Finally, it is suggested that STR technology can be applied in a learning environment not only with a single speaker
but with multi speakers as well. In this case, individual learning, such as using lecture transcript to involve in a
speech, taking notes and completing homework, will be enhanced. That is, after individual learning, students can
share and discuss their opinions about the topic, correct each other’s misconceptions, and enhance their own
understanding of a topic by using STR technology. However, some issues need to be considered with respect to STR
technical and pedagogical process in such learning scenario. For example, one is how to make STR correctly
recognize speech input made by multiple speakers with different speech characteristics (e.g., articulation,
pronunciation, speech rate) and then distinguish that input in a STR-generated transcript by each speaker and with
orderly timeline when it was spoken (Fiscus et al., 2007; Li et al., 2011; Wald & Bain, 2008; Zschorn et al., 2003).
Another issue is how to design collaborative learning activities that facilitate students to fully utilize STR-generated
texts for learning (Hwang et al., 2012; Kuo et al., 2012).
Conclusions
The following conclusions can be drawn from literature review.
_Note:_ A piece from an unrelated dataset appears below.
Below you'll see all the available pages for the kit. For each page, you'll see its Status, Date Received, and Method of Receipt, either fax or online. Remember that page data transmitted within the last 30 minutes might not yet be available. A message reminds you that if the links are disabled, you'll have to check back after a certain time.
First, it is fairly clear that STR technology was
applied to aid learning in different ways based on the progress of STR technological development. That is, the earlier
studies employed this technology only to assist learning of particular groups of users, such as students with cognitive
and physical disabilities, online or foreign students, due to low accuracy rate and a delay in STR process. However,
afterwards, research addressing abovementioned technological limitations emerged; as a result, STR technology
improved and became more reliable. Then, STR was employed to aid learning of students in a traditional learning
environment during and after individual and collaborative learning activities. Second, the literature considered STR
technology beneficial to extend learning during and after learning activities. There is widespread consensus in the
literature about the number of distinct advantages of STR-texts, such as enabling students to better understand
content of academic activities, to confirm missed parts of a speech, to take notes, to complete homework, and to
prepare for exams. However, some arguments over the STR technology considerations that limit educational value of
the technology still exist. The literature review showed how those considerations can be addressed by employing
various approaches to increase the effectiveness of STR application on learning.
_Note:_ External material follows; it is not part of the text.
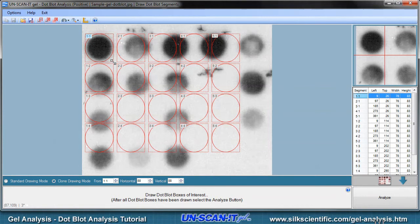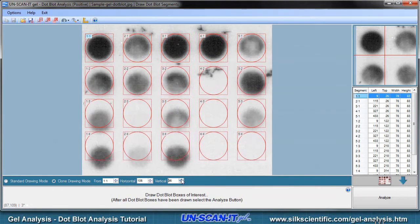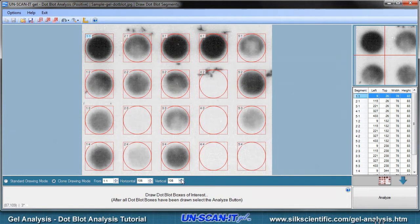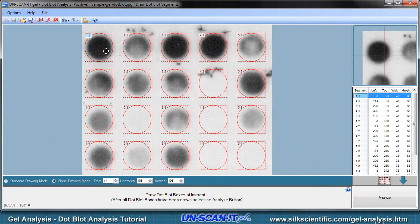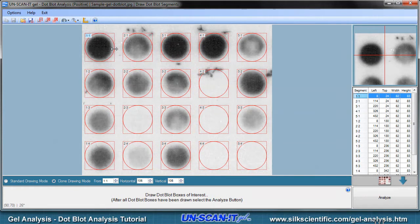The clone drawing feature will then create the other segment boxes automatically. You can choose the horizontal and vertical settings at the bottom of the image window to adjust the spacing of all the segments to get the segment boxes spaced properly. The boxes can be resized or moved by hovering the mouse over the box and dragging, or by editing the values in the spreadsheet at the right side of the screen. If clone drawing mode is selected, all the segment boxes will move and resize together. If standard drawing mode is selected, you can move and resize the segment boxes individually.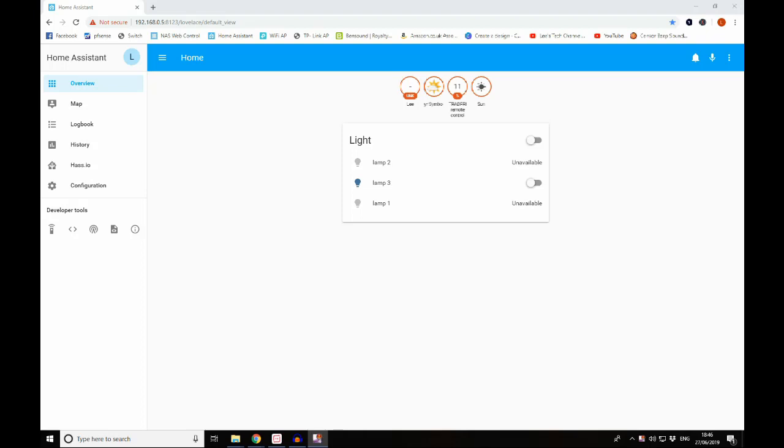Hello guys and welcome back to the channel. Today we're going to be having a look at device tracking within Home Assistant.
Given what was found in the literature, the following are important issues to address in future STR related studies.
First, researchers need to begin theorizing the cognitive processes that occur through learning with STR technology.
Besides, STR technology needs to be employed based on relevant pedagogical principles for them to be more
effective. Second, there is a need to use well-established and reliable outcome measures in future STR studies. For
example, the measures used to demonstrate the effects of STR applications should be given careful consideration
based on both objective and subjective evidence. More research needs to be conducted in more dynamic and
communicative educational settings, such as collaborative teaching and learning with multiple participants speaking
to the STR system simultaneously. Besides, whether there will be different learning effects when the STR is applied
to learning environments with students of different cultural backgrounds or language families should be investigated.
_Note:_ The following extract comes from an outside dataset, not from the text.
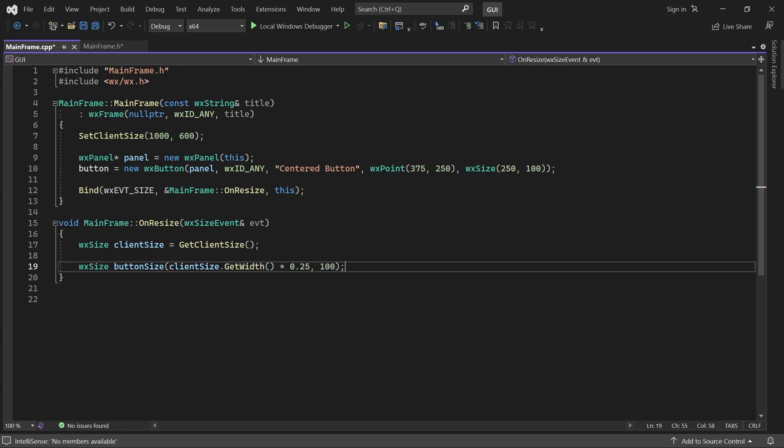25% of the window width and a fixed height of 100. Next, we calculate the new x and y position for the button.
It is possible that there might be impacts on the STR accuracy rate and learning when different cultural backgrounds
or language families are concerned. For example, in general, students from oriental cultural background are less
active in terms of learning interaction which may influence learning dynamics and outcomes during group discussion.
Finally, research should focus on issues that go beyond applications of STR technology. For example, STR
technology can be considered from the angle of ergonomics, i.e., to concern the design and arrangement of the
technology to make users interact with it more efficiently. Besides, in the future, STR technology can be extended by
combining it with other technology, e.g., automatic translation, to simultaneously generate text from a speech and
translate it into many languages. Such approach will enable teachers and students to have instant audio-lingual
interpretations using their own native languages.
75
Acknowledgments
This research is partially supported by the “International Research-Intensive Center of Excellence Program” of
NTNU and Ministry of Science and Technology, Taiwan, R.O.C. under Grant no. NSC 103-2911-I-003-301, NSC
102-3113-P-006-019-, MOST 103-2511-S-006-007-MY3, and MOST 103-2511-S-006-002-MY3.
References
Alapetite A., Andersen H. B., & Hertzum M. (2009). Acceptance of speech recognition by physicians: A survey of expectations,
experiences, and social influence. International Journal of Human-Computer Studies, 67(1), 36–49.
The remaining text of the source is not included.